Quote from: vigilante397 on July 31, 2014, 12:19:39 PM
I don't have a lot of experience with high voltage/high current things like stage lighting, but it seems to me that the safest way to do it would be to have the hot leads always connected and have the ground connected to the switch, so turning off the lights doesn't disconnect the hot lead, just disconnects the ground and breaks the circuit.

I am an Industrial Electrical Contractor and what you have described is not only the opposite of safe....but against NEC code.

Let's assume that the lighting is 120V. 120 V consists of the "hot' leg, the neutral, and a ground. The ground serves no purpose other than a "safety net" to provide a direct path to earth in the event of a fault.
Basically, the ground conductor is there to make sure that you do not take the full brunt of the current.

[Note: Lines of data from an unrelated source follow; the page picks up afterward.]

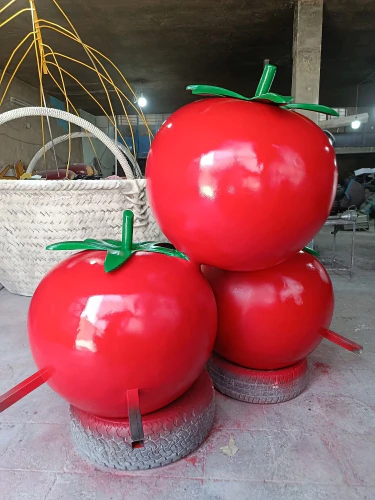 ماکت-گوجه-فایبرگلاس/تبلیغاتی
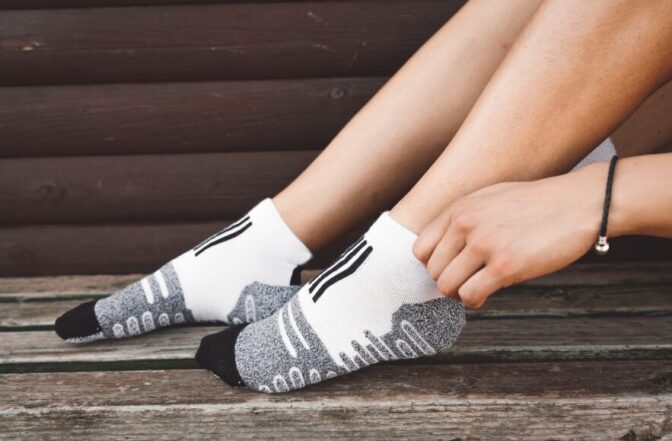 Les meilleures chaussettes anti-ampoules 1 Les meilleures chaussettes anti-ampoules
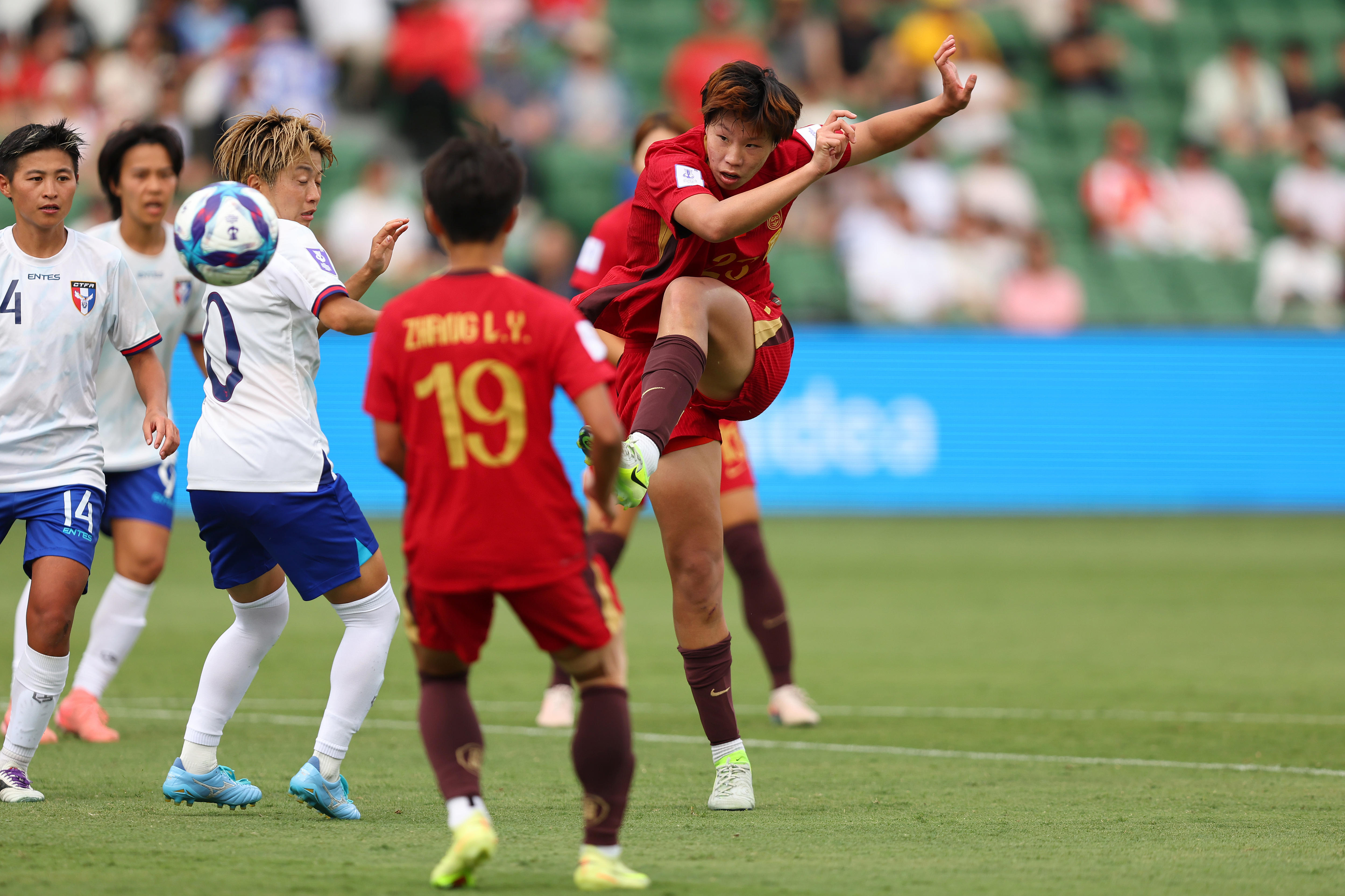 Matildas learn next opponent as Taiwanese fans grapple with team name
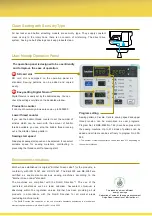 Preview for 3 page of Brother KE-430F Series Brochure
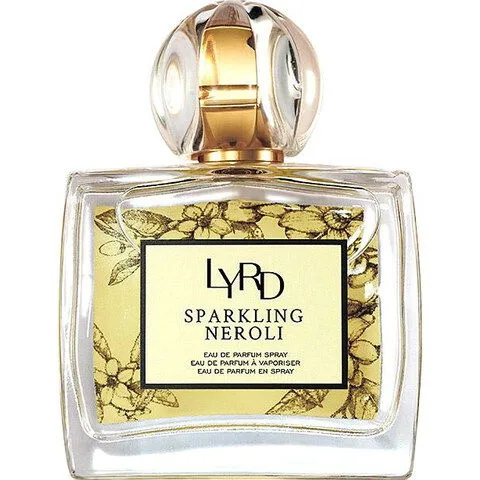 Avon Lyrd Sparkling Neroli parfüm şişesi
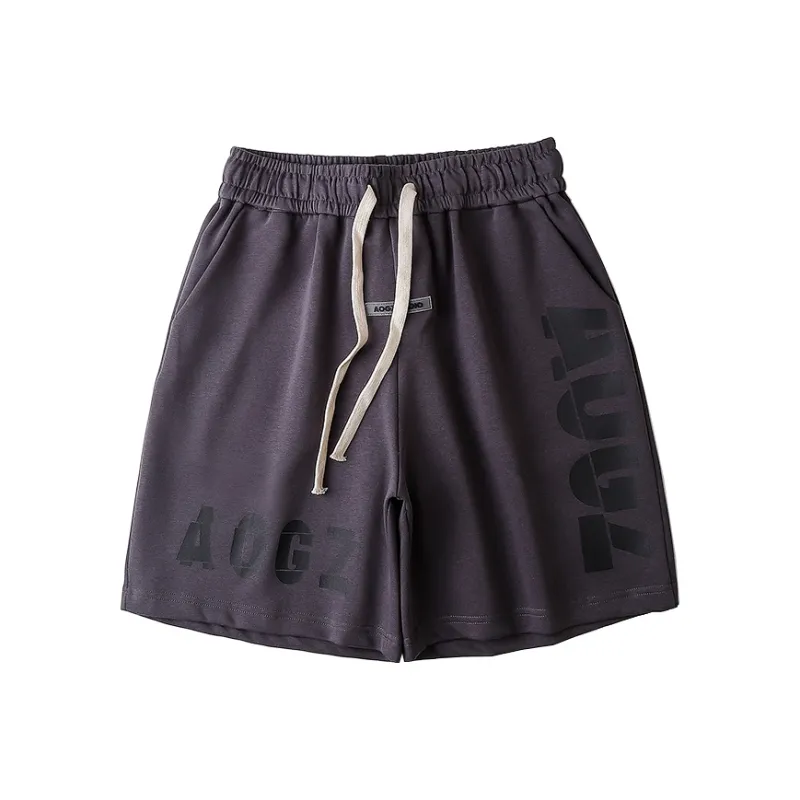 AOGZ Casual Shorts Unisex-11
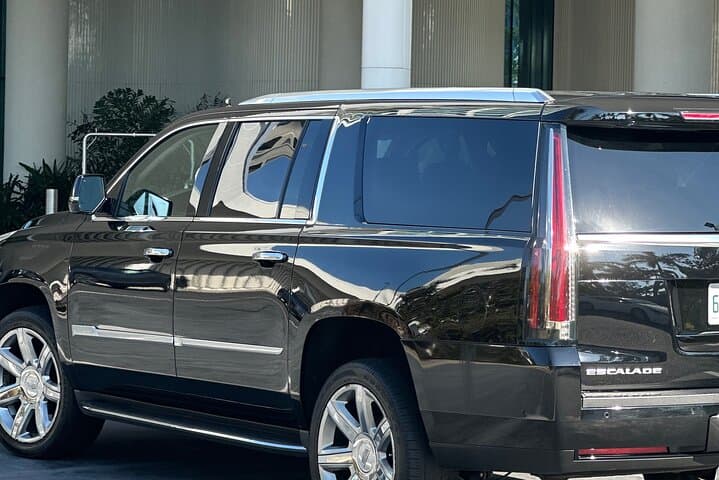 Sanford Airport to Disney Resort: Private Transfer Guide photo 3
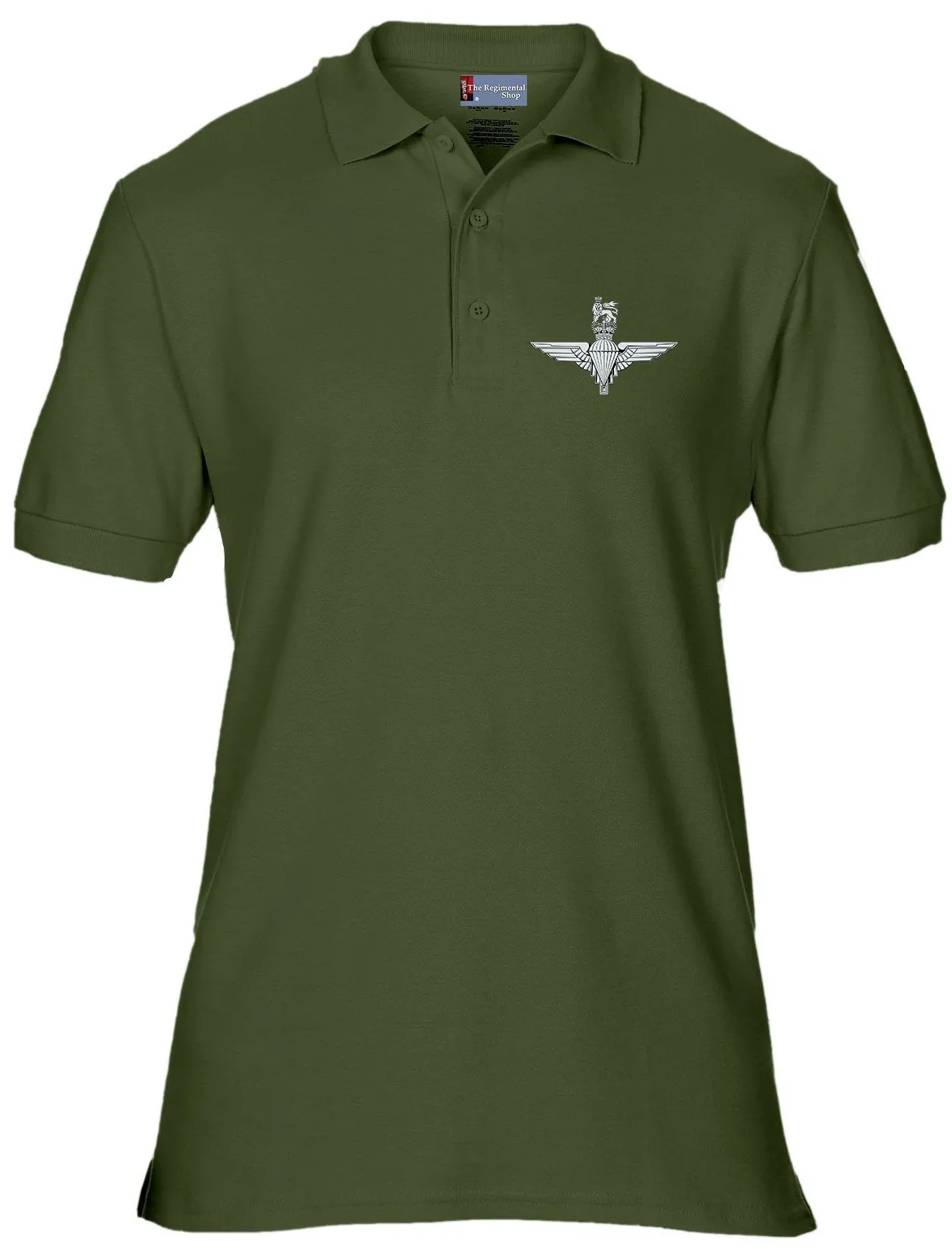 Parachute Regiment Polo Shirt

Under no circumstances should the ground conductor be switched or disconnected. There are certain situations where the neutral may be switched...but never with the "hot" conductor still connected.
I just designed a new fuzz circuit! It almost sounds a little different than the last fifty fuzz circuits I designed! ;)

PeterPan

Well of course a lot depends on budget, but for both safety and convenient functionality I'm going to suggest you consider a wireless solution. I've done a lot of work with a module made by Pololu called the Wixel, so much so that I might use it if I were making a custom design for someone (hey... might as well build on existing work, right). But that module requires programming in C, and I don't know if that makes you grin or grimace. So another approach you could consider is to gut an existing wireless remote light controller, many of which can be obtained from your local home depot or Loews type of store. Whatever you do, using a wireless link as a building block will eliminate a lot of high voltage safety issues at the pedal. And even if you used low voltage isolation relays, anything used on stage like this is going to have to take some abuse, and that will mean using tough (and often expensive) connectors and cables. So a wireless solution is partially paid for by the lack of need for any connection. And of course a programmable module will allow a great deal of flexibility in how the control actually functions, not to mention making future mods ("hey... can you make it do THIS too?") a lot less painful.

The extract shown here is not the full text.